18. November 2019

Man Ray Trilogie

For the next Monday concert at the Musikfabrik on November 25, Dirk Wietheger curates a special evening of music and film. Nicolas Tzortzis’ Man Ray Trilogy includes three compositions to silent films by Man Ray, important photographer and filmmaker of 20th century surrealism and modernism. In the blog post, Dirk Wietheger answers a few questions for us about his program.

You decided to perform the Man Ray Trilogy in your Monday concert – music to three experimental silent films by Man Ray, composed by Nicolas Tzortzis. What makes good film music for you?

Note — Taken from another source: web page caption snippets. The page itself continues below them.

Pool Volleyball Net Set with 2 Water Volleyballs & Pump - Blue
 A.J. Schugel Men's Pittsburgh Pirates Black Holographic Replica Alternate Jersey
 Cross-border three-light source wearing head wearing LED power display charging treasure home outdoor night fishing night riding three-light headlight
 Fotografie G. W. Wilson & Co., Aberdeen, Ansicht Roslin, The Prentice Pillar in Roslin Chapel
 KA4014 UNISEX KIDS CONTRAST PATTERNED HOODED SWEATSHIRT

I am very careful to speak of good or bad. But since I myself had the opportunity to write music for a short silent film a few years ago (The Insects’ Christmas), I can think myself into a composer much better and know what basic decisions he is facing. I pay much more conscious attention to a film’s music, especially when it’s a silent film like this one. In contrast to a sound film, the music has a much greater weight there, standing on an equal footing with the image. It cannot be inserted only occasionally, in order to strengthen a mood here or there, but is composed for the entire duration of the film. So you really have to write a real piece, which is then put into a relationship with the image. And it’s that relationship that interests me. Is it a pure illustration of what you see? Or does the music take on a life of its own and would work without the film? Does it take on the form, structure, or other elements of the film, or does it deliberately go against it? Do film and music perhaps even run completely unrelatedly side by side? Is there a balance between image and sound, or is one of the two elements more prominent? These are all questions on which a composer must position himself. And Man Ray’s films are really great “compositions”. A high bar! A composer must be measured against them and against the tasks he sets himself.

These are three pieces that are independent of each other. Is there a development or a connection between the pieces?

The pieces of Nicolas Tzortzis were created in a period of a few years. Triggered by a commission to write music for the film “L’étoile de mer”, his wish arose to deal more intensively with Man Ray and also to set the films “Emak Bakia” and “Les mystères du chateau du Dé” to music. In consultation with Nicolas, we have decided to keep the chronological order of creation for the performance in order to emphasize his very personal development regarding the relationship between image and sound. We are pleased that Nicolas has announced his coming and will certainly tell us something about this. But Man Ray’s films were also made in a similarly narrow period of time: After experimenting with smaller films shortly before, he was commissioned in 1926 by the American couple Arthur and Rose Wheeler to produce a longer film every year. This is how he first made “Emak Bakia,” a surrealist film entirely without a plot. It consisted of improvisations intended to reflect the current “state of cinema”, and in which he combined various techniques he had worked with up to that point, in particular “rayography” – a special form of photograms in which objects are exposed on photographic paper in the darkroom without a camera. This was similarly followed in 1928 by “L’étoile de mer” inspired by a poem by Robert Desnos, and in 1929 by “Les mystères du chateau du Dé” inspired by the Villa Noailles in Hyères, a modernist house of the 1920s. It’s a pity that after that (partly due to the advent of the talkies) he hardly bothered with the medium of film.

What specifics need to be considered when playing live to a film? Are there differences in performance practice?

From an artistic point of view, it is an important task to keep the balance between image and music in mind. Under certain circumstances, this can mean something different than in music theater or opera: the musicians are not simply part of a total work of art, but are confronted with their “work of art,” the musical composition, with another “work of art,” the film. On the purely practical level, of course, the question of how the coordination between film and music and between the musicians themselves is ensured must be clarified. In Tzortzi’s pieces, it is actually intended that a conductor follows the tempo indications of the score while, in addition, images of the film are inserted in the score so that the conductor can check the synchronicity. However, in this concert we decided to play without a conductor. Therefore, we use a click track that each musician has in his ear via headset. Due to the complexity of the works, this is a special challenge!